Song Meaning
The lyrics immediately plunge into a dizzying cycle, opening with the familiar "What goes around / Comes around." This isn't just an idiom; it's a literal description of the speaker's world. The relentless repetition of phrases like "Comes around" and "Run around" creates an immediate, almost suffocating sense of being trapped in a loop. It's a feeling of perpetual motion without progress.
This cyclical existence is deeply personal, manifesting as "dark / Circles around my eyes," a vivid image of exhaustion and stress.
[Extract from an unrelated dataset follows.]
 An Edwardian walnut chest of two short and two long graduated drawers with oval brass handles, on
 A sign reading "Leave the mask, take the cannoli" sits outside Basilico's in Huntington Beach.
The central tension emerges with the direct question, "How do I get there?" — a yearning for escape or a different state, starkly contrasting with the endless "circulate." This desire for change is constantly undermined by the persistent presence of a "thorn in my side," someone or something that causes pain while remaining "by my side."
The enigmatic phrase "Turn a rope around its axis" serves as a powerful, recurring motif. It suggests a repetitive, perhaps futile, action, or a controlled, contained movement that offers no real release. When it appears parenthetically in the final stanza, accompanying the complaint "He's a thorn in my side," it shifts from an external action to an internal, almost obsessive thought, a mental loop running concurrently with the emotional pain.
These lyrics are effective because they don't just describe a feeling of being stuck; they make the listener *feel* it through their structure. The hypnotic repetition, combined with the stark imagery of weariness and persistent irritation, creates a visceral sense of psychological entrapment. The ambiguity of the "rope" image, coupled with the inescapable "thorn," leaves a lasting impression of a struggle that is both deeply personal and endlessly cyclical.